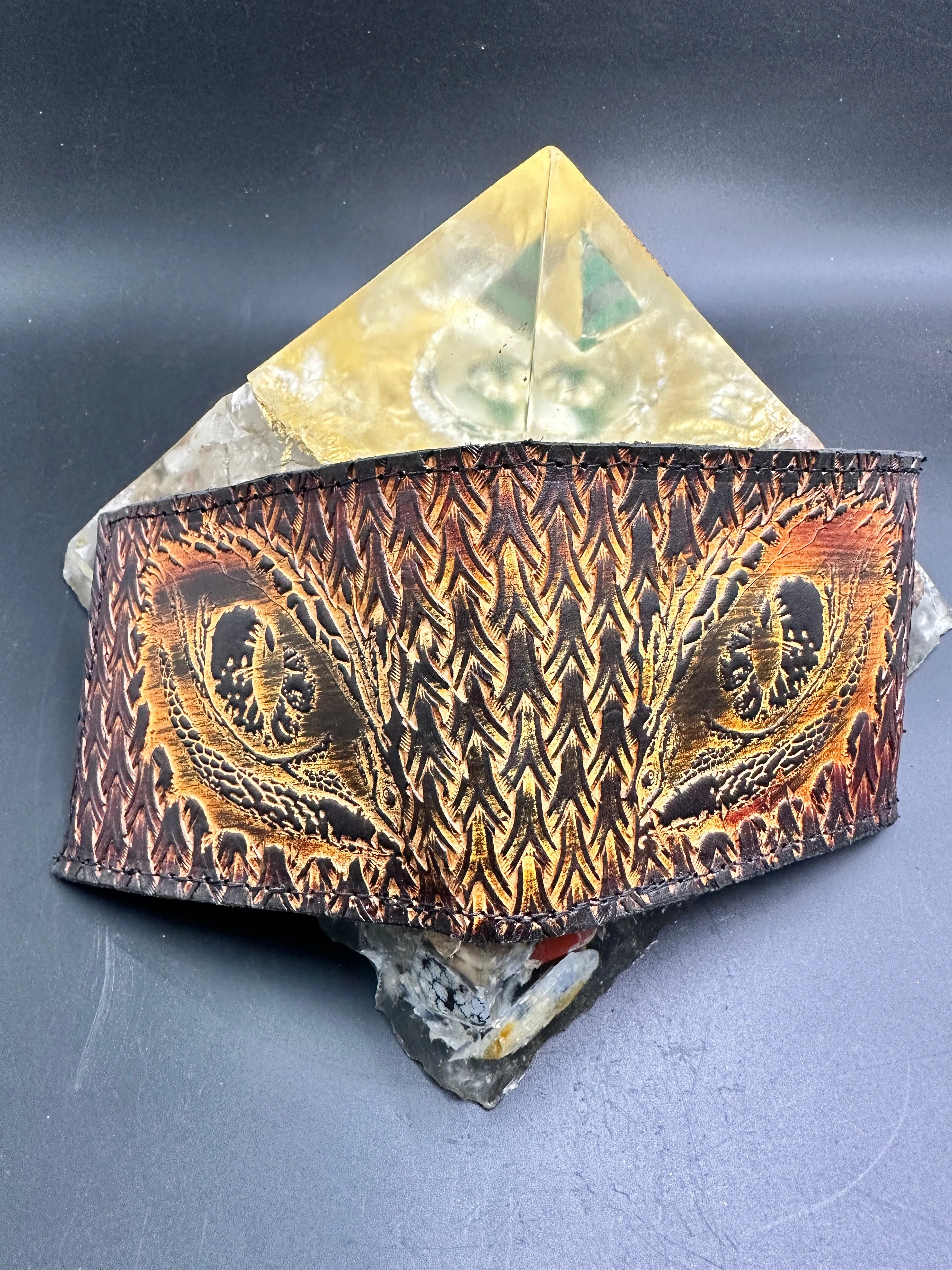 Stamped Leather Bifold Wallet - Dragon Eyes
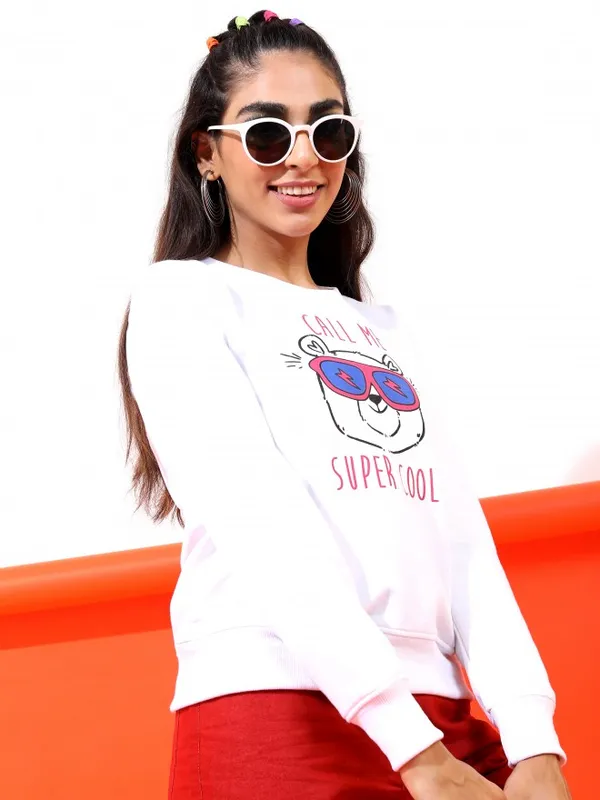  Ketch Women White Round Neck Sweatshirts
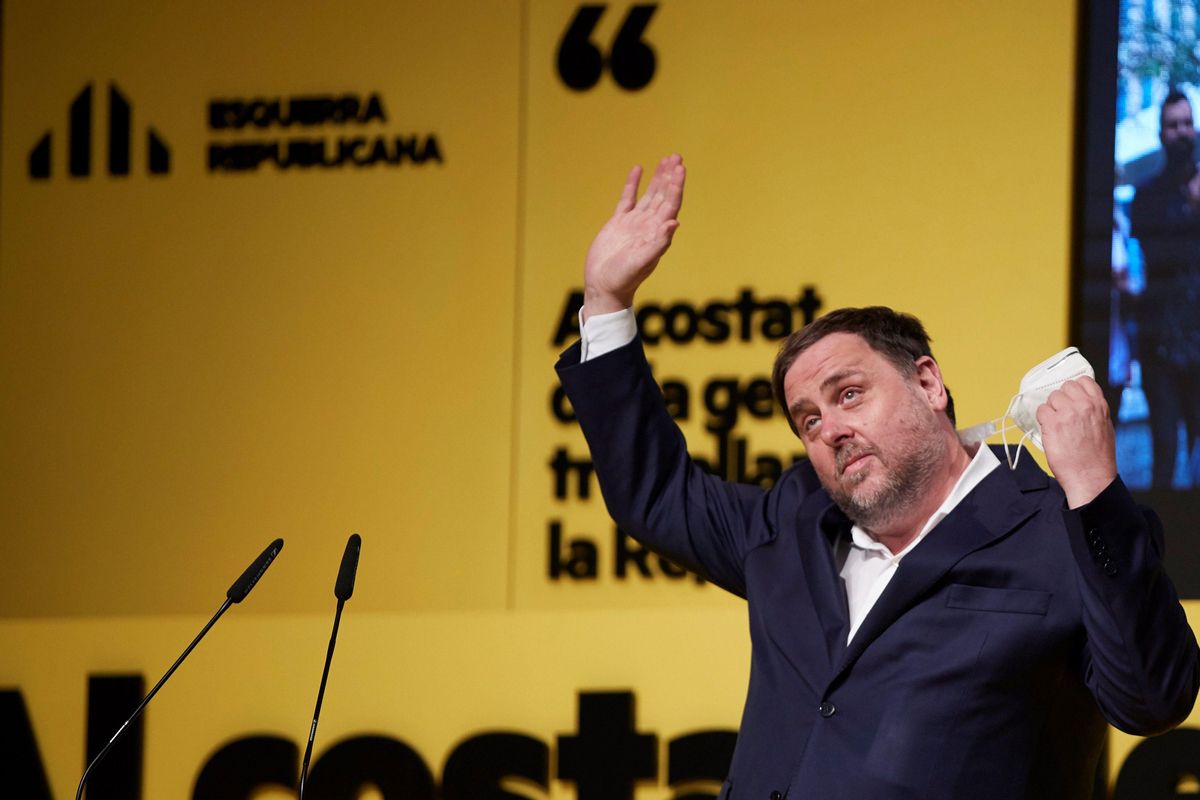 Oriol Junqueras, en el mitin de Manresa, este miércoles. Oriol Junqueras, en el mitin de Manresa, este miércoles.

■ ■ ■ ■ ■

Task to complete
Retype the data exactly as it stands, but keep the images out of your copy.

Reply
 Stamped Leather Bifold Wallet - Dragon Eyes
  Ketch Women White Round Neck Sweatshirts
 Oriol Junqueras, en el mitin de Manresa, este miércoles. Oriol Junqueras, en el mitin de Manresa, este miércoles.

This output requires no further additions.